Pandas is a Python library that provides data structures and data analysis tools. For our purposes, what matters is the DataFrame. It looks like this:

A B C D
0 4.0 E 0.1 2016-09-15
1 9.0 F 0.8 2017-03-22
2 1.0 G 9.0 2016-02-11

You can create a DataFrame with pd.DataFrame(). For example:

import pandas as pd

df = pd.DataFrame(np.random.randn(6, 4),
                  index=[0, 1, 2, 3, 4, 5],
                  columns=['A', 'B', 'C', 'D'])

The index= part is completely unnecessary here, as pandas will set the index starting at zero counting up. I simply included it here in case you want to create a different index in the future, say with dates. The resulting DataFrame looks like this:

A B C D
0 0.24 0.81 -1.84 -0.46
1 0.18 -0.23 -1.79 1.60
2 0.19 0.08 -1.50 0.25
3 -0.35 0.44 0.21 -0.71
4 0.39 -0.04 0.18 1.82
5 -0.44 0.07 0.74 -0.45

You won’t normally be creating DataFrames from scratch. Usually you will already have some data, and you will want to use Python to analyze it. Pandas can read a variety of different file formats, but for this tutorial I am going to use this CSV of UFO sightings data. Download the CSV and put it in the same directory where your Python code is. You can then load it into Pandas using the following code. For reference, I also show you how to write a DataFrame to a CSV.

import pandas as pd

# Read from csv
df = pd.read_csv('ufo.csv')
# Write to csv
df.to_csv('ufo.csv')

The DataFrame should now look like this:

city state country ... lat lng time
0 sanmarcos tx us ... 29.88 -97.94 20:30
1 lackland tx NaN ... 29.38 -98.58 21:00
... ... ... ... ... ... ... ...
79636 vienna va us ... 38.90 -77.26 22:20
79637 edmond ok us ... 35.65 -97.47 23:00

There are a number of columns that aren’t shown in the DataFrame above. These are: shape, seconds_seen, time_seen, description, and date. If you’re following along at home, take a second to look at the DataFrame and figure out what is in each column.

Groupby

There are three operations that I want to explain: groupby, pivot, and merge. These will take care of a lot of the data manipulation work that you’re interested in, so it is worth learning them. At the very least, it is helpful to know they exist. First is groupby, which is used to split data into groups, apply a function to each group, and combine the data. In short, you use a groupby to combine data according to some function. For this tutorial, I want to find out how many times each shape of UFO has appeared in each state in the US. I can do that with the following code:

df = df[df['country'] == 'us']
df = df.groupby(['state', 'shape'])['shape'].count()

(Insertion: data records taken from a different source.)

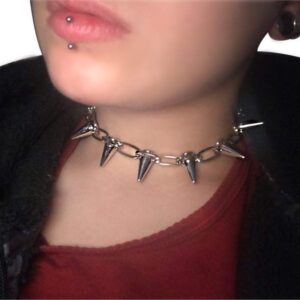 BGTY Rivets Chokers Punk Goth Handmade CCB Material Choker Necklace Spike Rivet Rock Gothic Jewelry (Silver)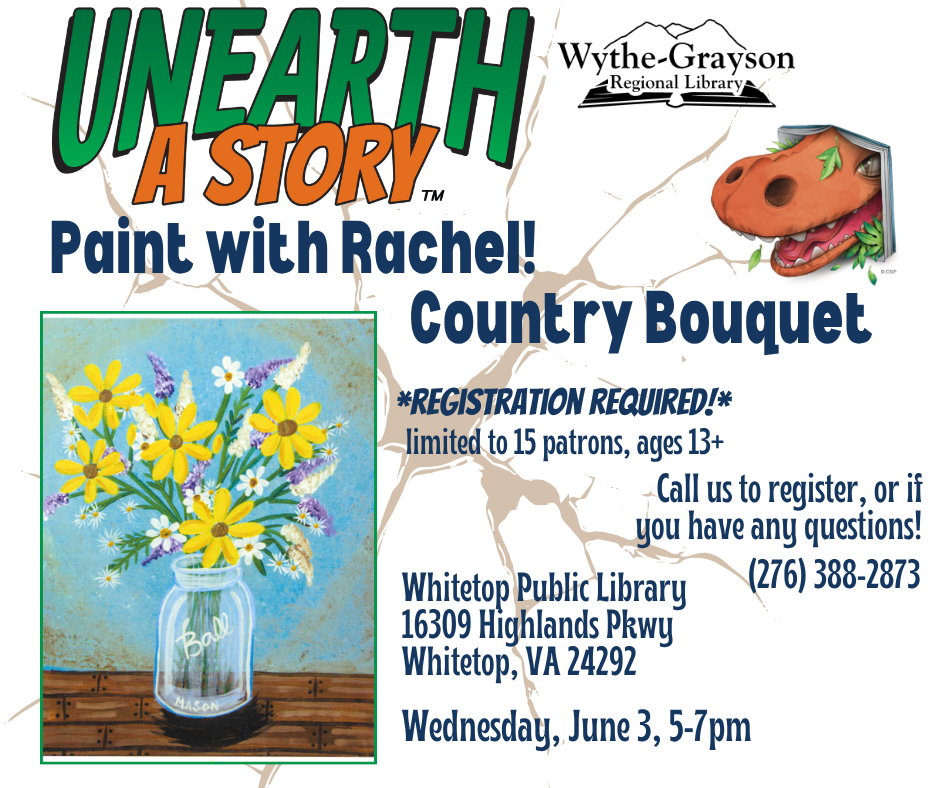 cracked beige background with photo of flower painting for painting class.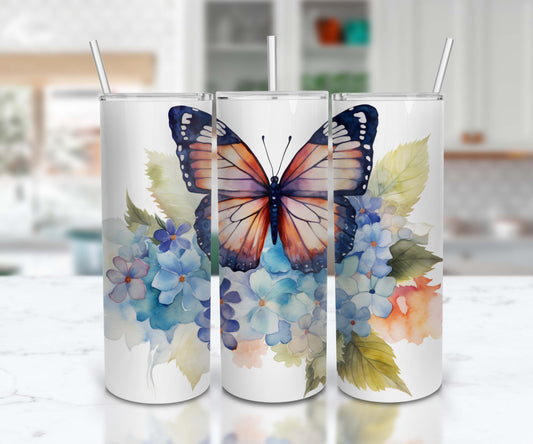 Monarch Butterfly Blue Flowers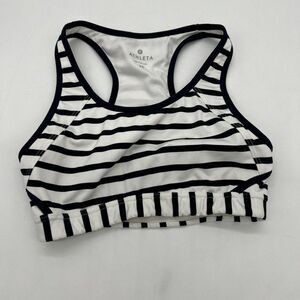 Athleta Sports Bra Women XS White Black Stripe Sleeveless Stretch Pullover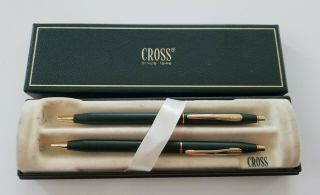 Cross Century Classic Ballpoint Pen Mechanical Pencil Set Green 23k Gold Fill
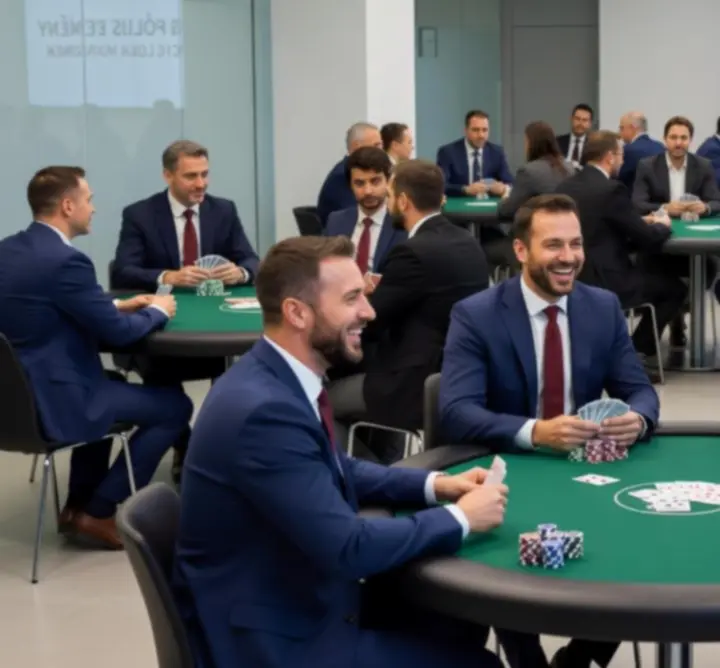 Pókerasztal körül játszó résztvevők egy modern eseményen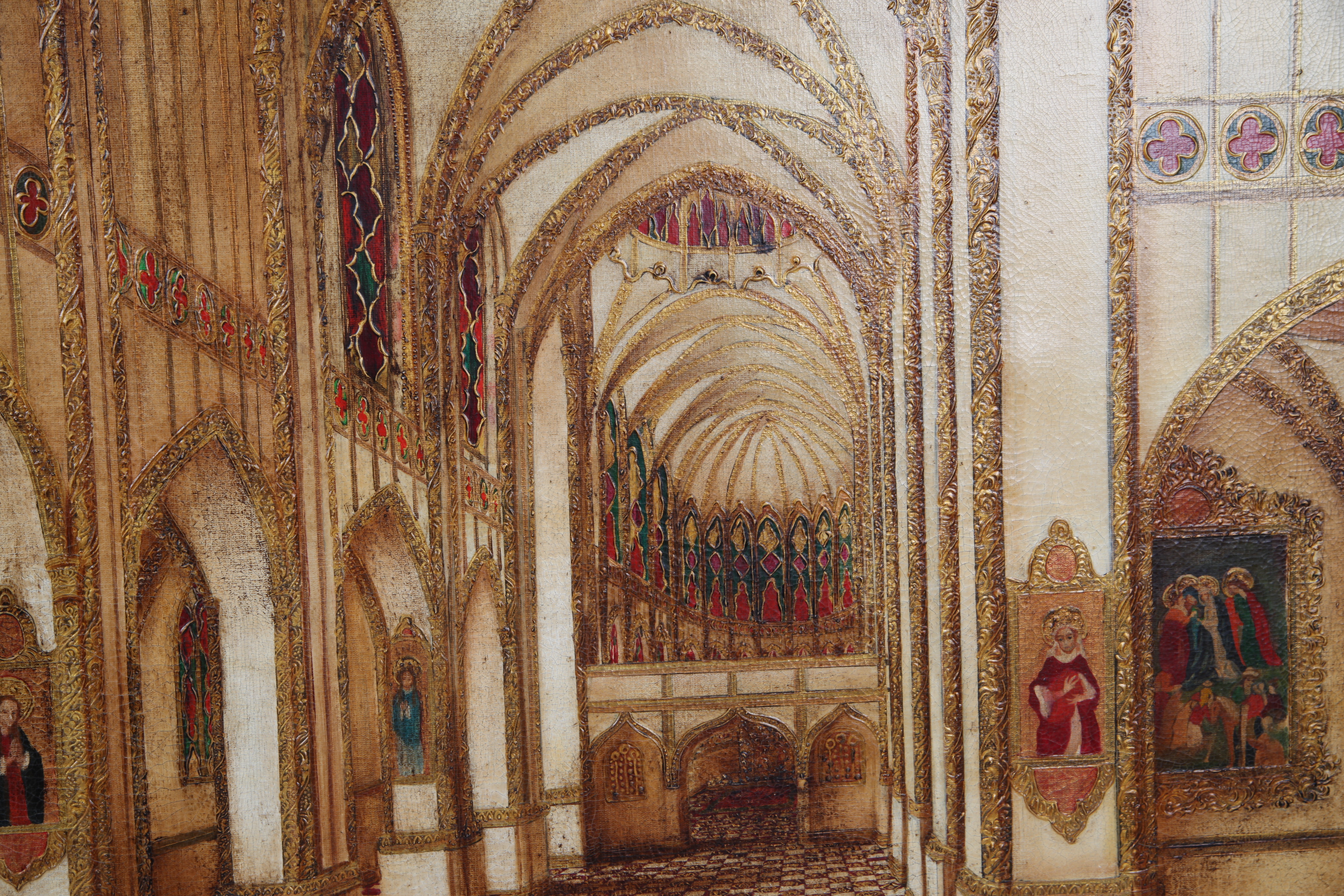Gamiled A. Mixed Media Painting of European Cathedral Interior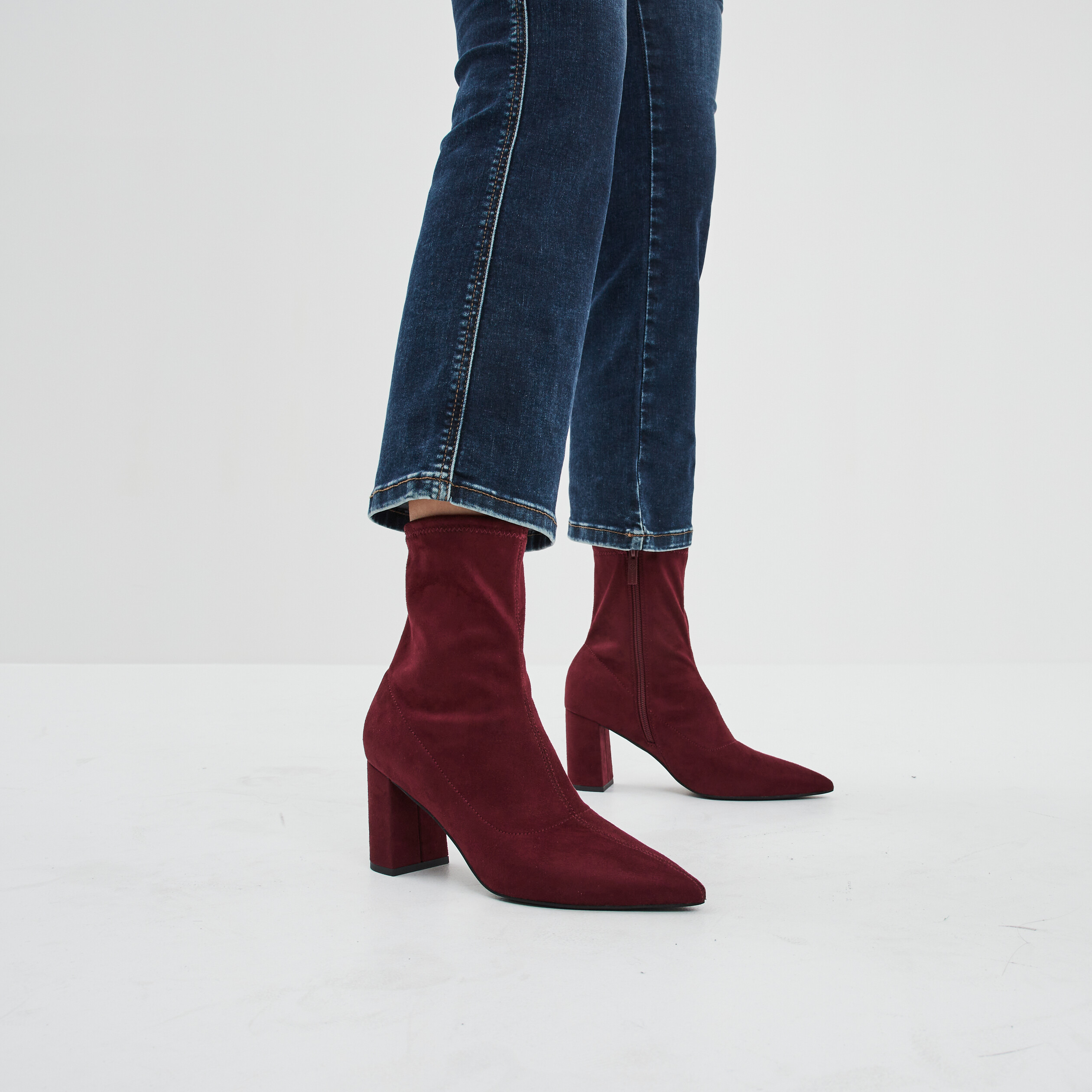 Bottines à talons bouts pointus rouge femme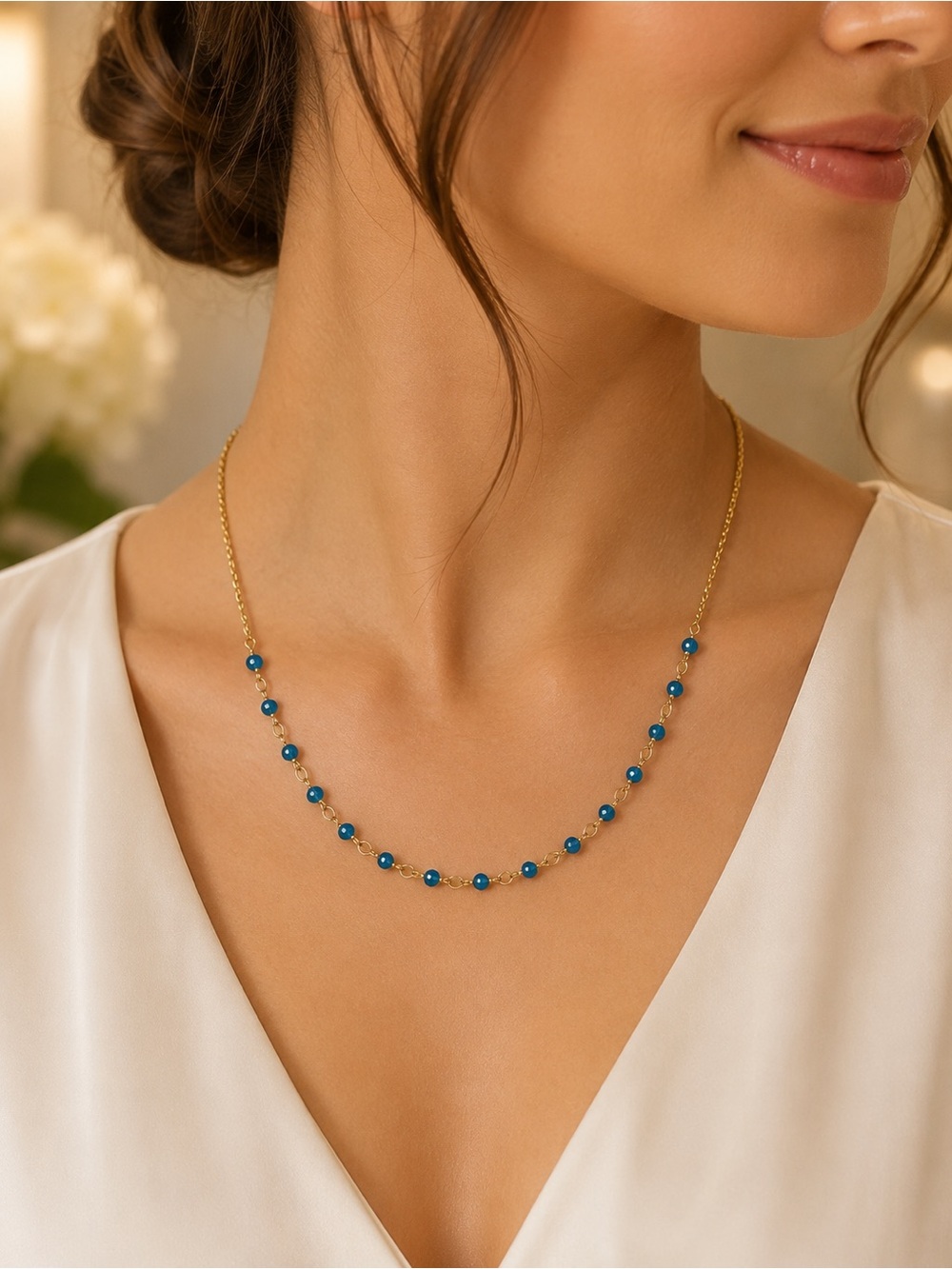 Handmade Swarovski Turquoise Crystal Gold Tone Chain Necklace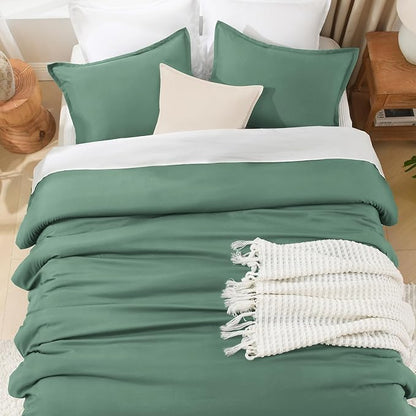 Litanika Comforters Twin/Twin XL Size Haze Green, 2 Pieces Lightweight Solid Bedding Set & Collections, All Season Fluffy Bed Set (66x90 Inches Comforter & 1 Pillowcase)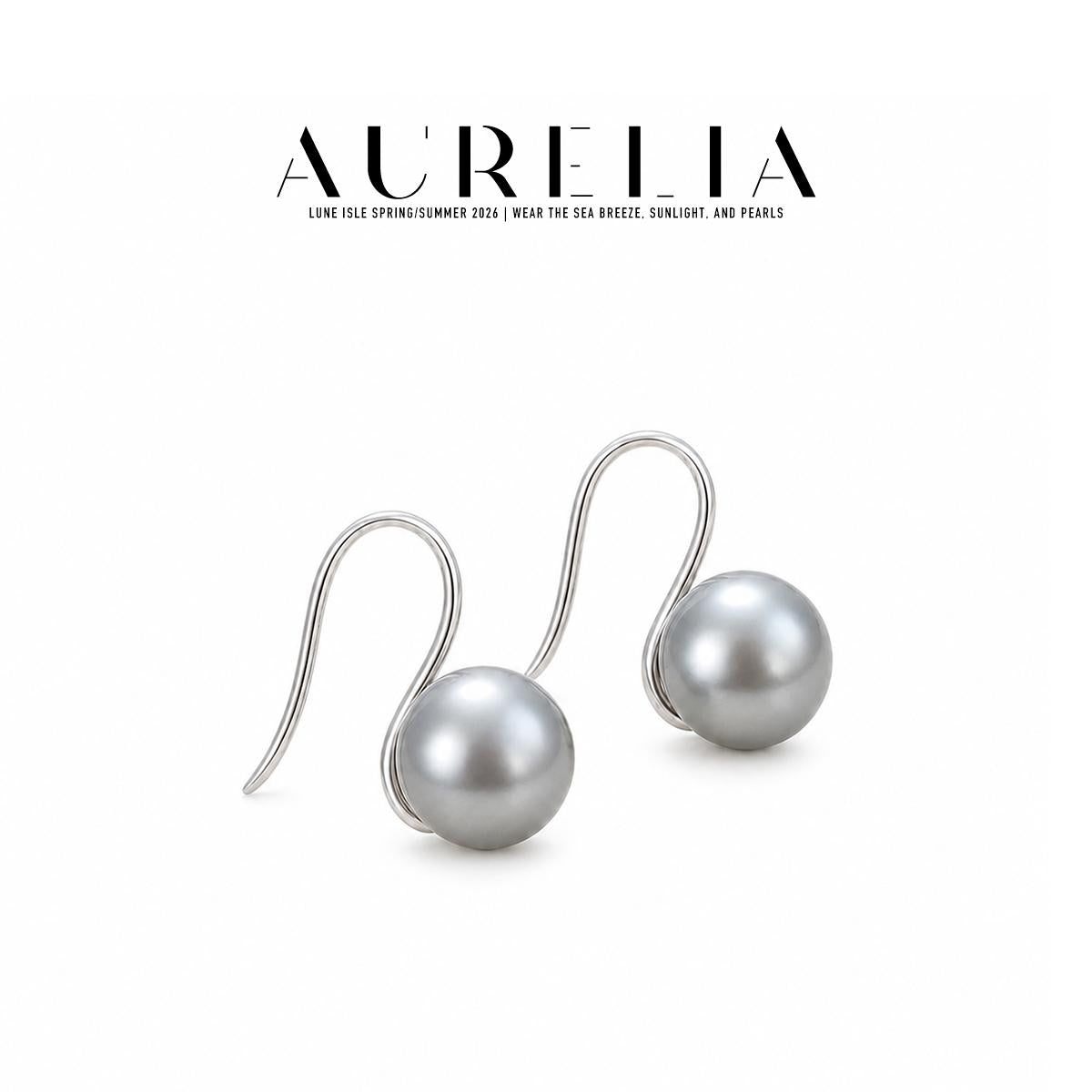 Gray Crystal Pearl Hook Earrings — supplied AURELIA product photograph.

In the first line I limit my data to UFO sightings in the US, although you can ignore that part for now, as I will return to it later. In the second line, I group the data by both state and shape, and then count the appearance of each shape. You don’t have to perform a count function on the data, though; you might, for example, be interested in the mean number of seconds each UFO is seen by shape and state:

df = df[df['country'] == 'us']
df = df.groupby(['state', 'shape'])['seconds_seen'].mean()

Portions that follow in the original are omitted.